Le quattro pene si aggiungono alla condanna ormai passata in giudicato per il collaboratore di giustizia Francesco Oliverio, che si autoaccusa di essere stato il mandante e non aveva impugnato la sentenza d’Appello con la quale gli erano stati inflitti 11 anni e 4 mesi di reclusione. In Appello, un anno fa, una sola pena fu confermata rispetto al verdetto di primo grado e altre quattro furono ridotte.
Nel settembre 2021, invece, il gup distrettuale di Catanzaro aveva disposto sei condanne nel processo, svoltosi col rito abbreviato, ed escluse l’aggravante mafiosa valorizzando le dichiarazioni del collaboratore di giustizia. Oliverio in primo grado era stato condannato a 18 anni e 9 mesi di reclusione. Vent’anni sono stati comminati in tutti e tre i gradi di giudizio a Cosimo Berlingieri, ritenuto l’esecutore materiale.
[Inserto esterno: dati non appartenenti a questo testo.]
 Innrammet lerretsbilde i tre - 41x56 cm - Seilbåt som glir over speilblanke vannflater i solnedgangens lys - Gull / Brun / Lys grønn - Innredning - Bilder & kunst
Diciotto anni e 9 mesi furono inflitti in primo grado a Paolo Cusato, che avrebbe lanciato l’arma del delitto sul tetto di un edificio: in Appello era stato condannato a 14 anni e 8 mesi, e anche questa pena diventa definitiva. Quattordici anni e 1 mese fu la pena decisa dal gup per Giuseppe Passalacqua, ridotta in Appello a 10 anni e 9 mesi, confermati in Cassazione.
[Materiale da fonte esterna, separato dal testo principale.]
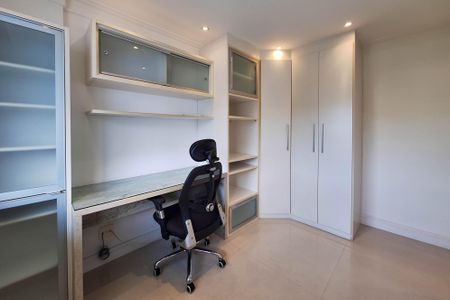 Apartamento à venda com 196m², 3 quartos e 2 vagasSuíte 1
Dodici anni e 6 mesi furono dati in primo grado a Cosimo Damiano Passalacqua, che avrebbe fatto da palo, e 12 anni e 6 mesi a Dimitrov Dimitar Todorov, che avrebbe accompagnato Berlingieri da Catanzaro a Crotone e viceversa: il primo è stato assolto ormai in via definitiva in quanto incapace d’intendere e volere al momento dei fatti, il secondo è stato condannato a 10 anni sia in Appello che in Cassazione.
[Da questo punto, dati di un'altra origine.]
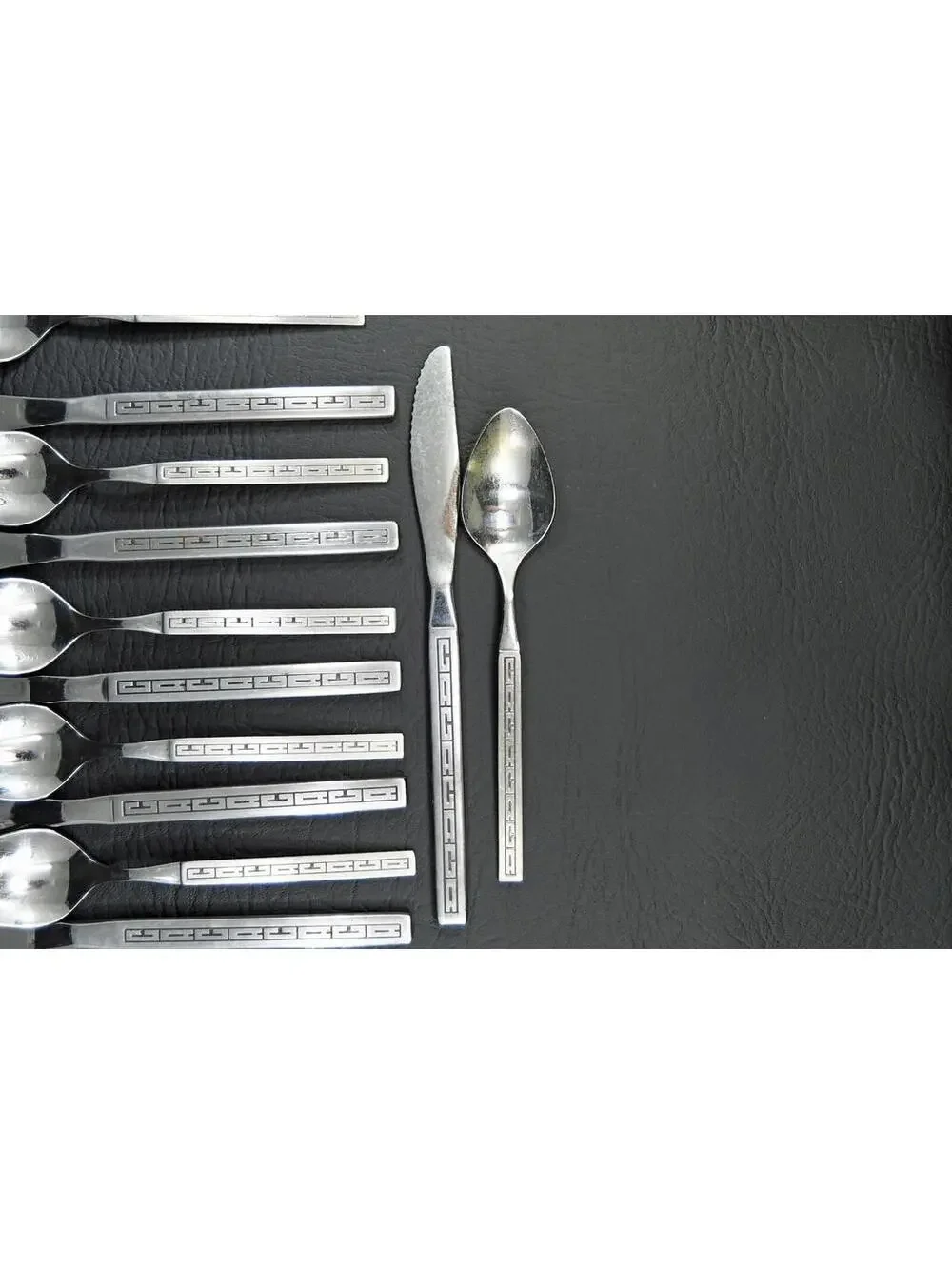 VTG Continental Airlines by Oneida CACACACA Stainless Flatware 8 Spoon 8 Knife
Gli inquirenti, grazie anche agli impianti di videosorveglianza, ricostruirono la scena del delitto. Agli atti c’è anche il selfie del brindisi che la cricca fece in un bar sul lungomare, a sangue freddo, subito dopo il raid nel centro storico.
Ma il pentito ha aggiunto ulteriori tasselli. Lui, con una sfilza di precedenti alle spalle maturati sin da quando era minorenne (rapine, estorsioni, reati di armi e droga) avrebbe reclutato due rom di Catanzaro, Cosimo Berlingieri e Cosimo Damiano Passalacqua, e gli altri per quello che doveva essere, a suo dire, un avvertimento. Non era il vero obiettivo, Tersigni. Ecco perché il pentito avrebbe deciso di collaborare con la giustizia: «Il fatto mi ha colpito nonostante i miei lunghi trascorsi in carcere perché conoscevo la famiglia della vittima e non era mia intenzione procurare loro questo dolore».
Per evitare un coinvolgimento diretto, Oliverio decise di avvalersi dei due catanzaresi conosciuti in carcere. Fu utilizzata, nonostante le sue “perplessità”, una pistola calibro 7. Le perplessità erano legate sia al fatto che l’arma era nuova e sia perché lui avrebbe preferito un fucile a pallini che non avrebbe avuto conseguenze nefaste. Il fatto è stato comunque qualificato giuridicamente come omicidio perché Oliverio era consapevole del rischio che assumeva.
In Cassazione gli imputati erano difesi dagli avvocati Aldo Truncè, Gregorio Viscomi, Mario Prato, Alessio Spadafora; le parti civili erano rappresentate dall’avvocato Nuccio Barbuto, che ha ottenuto il risarcimento da quantificare in separata sede.